- INPUT MATERIAL:

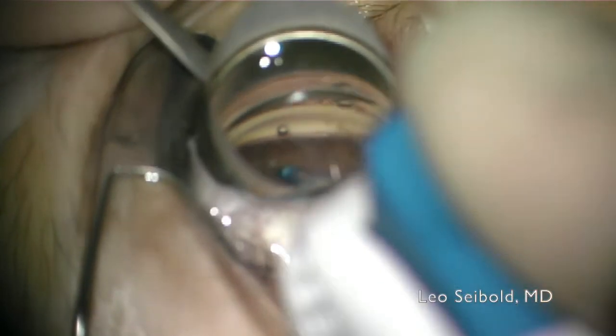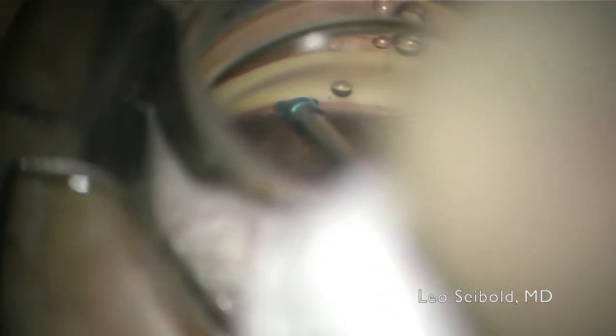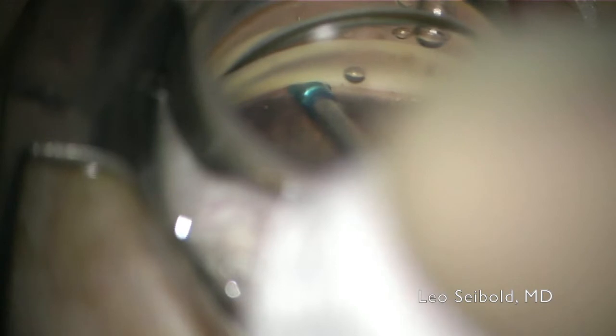After a first priming injection on the surface of the eye — this just helps to clear any bubbles from the cannula — the device is inserted into the eye and the blue sleeve is applanated against the trabecular meshwork. As the button is pushed, you can see a nice blanching of Schlem's canal, and the blood that was there is now displaced, indicating the OVD has been injected into the canal and a precision goniotomy has been performed.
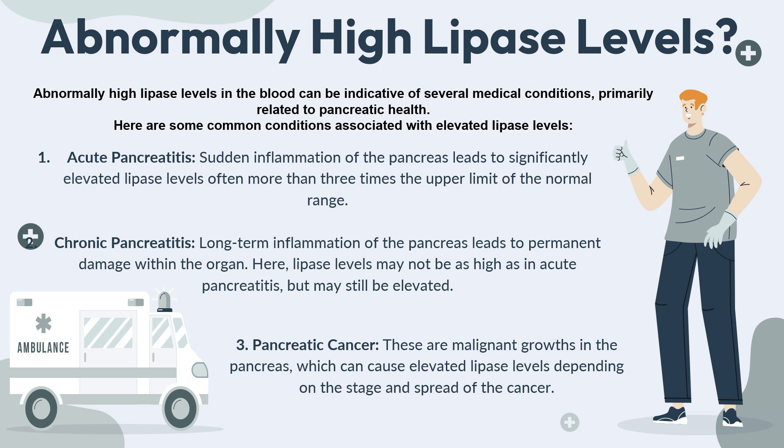The third condition associated with high lipase levels is pancreatic cancer — malignant growths in the pancreas can cause elevated lipase levels depending on the stage and spread of the cancer. The fourth condition is gallbladder disease or cholecystitis, which is an inflammatory process of the gallbladder, often due to gallstones. This can also raise lipase levels, especially if there is a complication like a blockage affecting the pancreas.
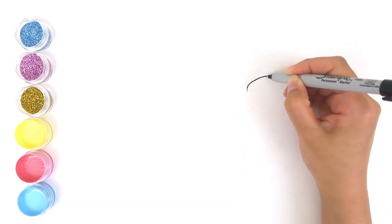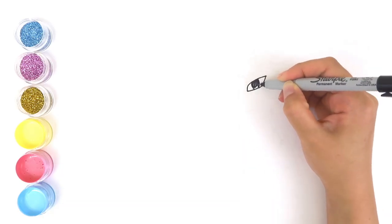Toy Monkey! Today, I'm going to draw Princess Elsa. Let's get started!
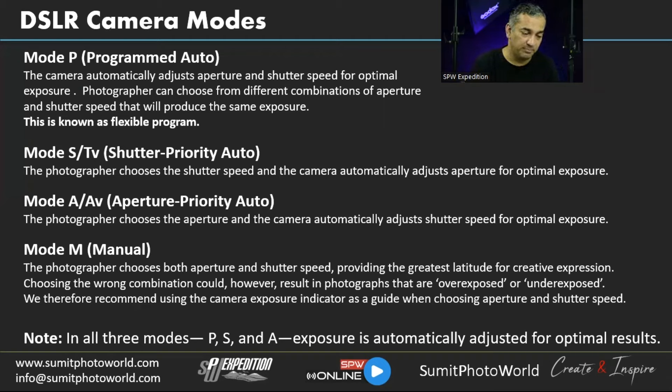In all three modes — P, S, and A — exposure is automatically adjusted for optimal results. These three modes are your best friends when you're not comfortable with Manual mode; they will give you good exposure all the time.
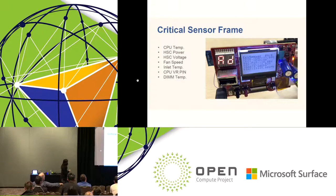The next frame is the critical sensor frame. We predefined key sensors we care about: CPU temperature, hot-swap controller power, fan speed, CPU power consumption, and DIMM temperature. The debug card retrieves this information and displays it, so once you plug in, you can immediately see your system power consumption, CPU temperature, and more.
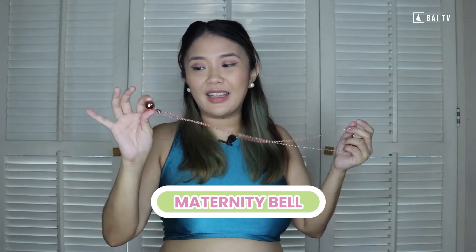So those are the first two products that I've actually used before. But the next two products are brand new — I've never tried them. The third product we're trying out today is a maternity bell necklace.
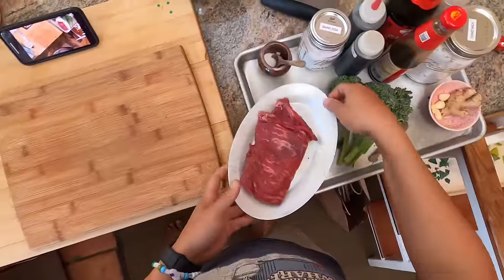Hey everyone, it's Kenji. I'm at home and we're going to make some beef and broccoli today. A Chinese-American classic and one of my favorites growing up.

- PROBLEM: An exact printout of the entries is wanted, covering the first line through the line holding "Toy Monkey! Today, I'm", with pictures kept out of it.

- REPLY TO THE EXERCISE:
After a first priming injection on the surface of the eye — this just helps to clear any bubbles from the cannula — the device is inserted into the eye and the blue sleeve is applanated against the trabecular meshwork. As the button is pushed, you can see a nice blanching of Schlem's canal, and the blood that was there is now displaced, indicating the OVD has been injected into the canal and a precision goniotomy has been performed.
The third condition associated with high lipase levels is pancreatic cancer — malignant growths in the pancreas can cause elevated lipase levels depending on the stage and spread of the cancer. The fourth condition is gallbladder disease or cholecystitis, which is an inflammatory process of the gallbladder, often due to gallstones. This can also raise lipase levels, especially if there is a complication like a blockage affecting the pancreas.
Toy Monkey! Today, I'm going to draw Princess Elsa. Let's get started!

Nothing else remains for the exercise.